Espera-se que as grandes descobertas de gás em Moçambique, Uganda, Tanzânia, Egito e Senegal - juntamente com as actividades de redução da queima de gás em todo o continente, com vista a descarbonizar o sector de E&P de África - acelerem as actividades de utilização e monetização do gás. "Isto cria oportunidades para investimentos em GNL, comboios de FLNG e GPL para a indústria local e o consumo interno", continuou Awambeng, referindo-se ao rápido crescimento da população africana associado a uma maior industrialização e ao aumento da procura de energia.

Monchu Intong, por sua vez, salientou que o sector downstream africano necessita atualmente de uma quantidade significativa de desenvolvimento de infra-estruturas, incluindo oleodutos, refinarias e instalações de armazenamento, o que representa uma oportunidade para os investidores desenvolverem projectos associados de infra-estruturas e logística. 

Prevê-se um aumento da produção e refinação de combustíveis fósseis nas próximas duas décadas. Os gasodutos para centrais eléctricas e fábricas de fertilizantes, por exemplo, precipitarão um desenvolvimento industrial significativo.  

Bode-Harrison salientou que os programas de importação de produtos, as oportunidades de parceria e os programas de financiamento do comércio eram também fundamentais para desbloquear o desenvolvimento no domínio dos hidrocarbonetos em África e apresentavam áreas estratégicas de colaboração.

Em resposta às crescentes necessidades de importação de produtos refinados do continente, surgiu um processo mais formalizado de agregação, reorganização e financiamento do fornecimento de produtos refinados, com o Afreximbank a trabalhar com os NOCs para desenvolver programas de importação de produtos para garantir a segurança energética.

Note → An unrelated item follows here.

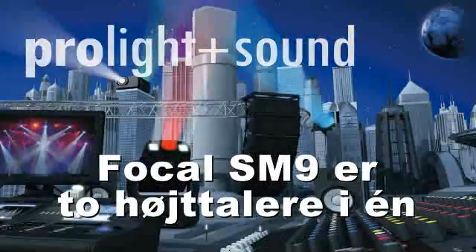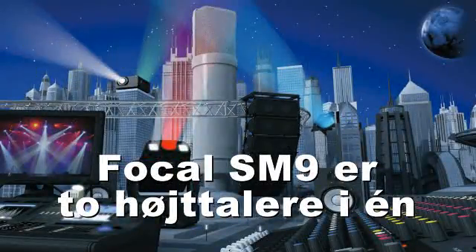What are the features of the SM9? We have many special features. The first thing is that the SM9 is intended to be used in near-field and mid-field environments as well — from 1.5 meters up to 4 meters.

Atualmente, são necessários pacotes de financiamento maiores para satisfazer a crescente procura de produtos em África, especialmente no atual ambiente de aumento de preços induzido pela geopolítica.

"Com o financiamento de projectos africanos de petróleo e gás a representar um ponto de debate a nível mundial, a Câmara Africana de Energia mantém-se firme no seu apoio ao investimento em hidrocarbonetos africanos, reconhecendo o papel que estes recursos irão desempenhar para fazer com que a pobreza energética passe à história até 2030. Organizações com sede em África, como o Afreximbank, têm-se mantido empenhadas no povo africano e na energia africana, e o seu apoio ao futuro energético de África continua inabalável", afirmou NJ Ayuk, Presidente Executivo da Câmara Africana de Energia.

O investimento no petróleo e no panorama africano e as oportunidades comerciais e de parceria que lhe estão associadas serão discutidos na Semana Africana da Energia 2023, que terá lugar na Cidade do Cabo de 16 a 20 de outubro. O evento reunirá líderes africanos do sector da energia, investidores globais e executivos de toda a cadeia de valor da energia para debater o futuro do sector energético africano.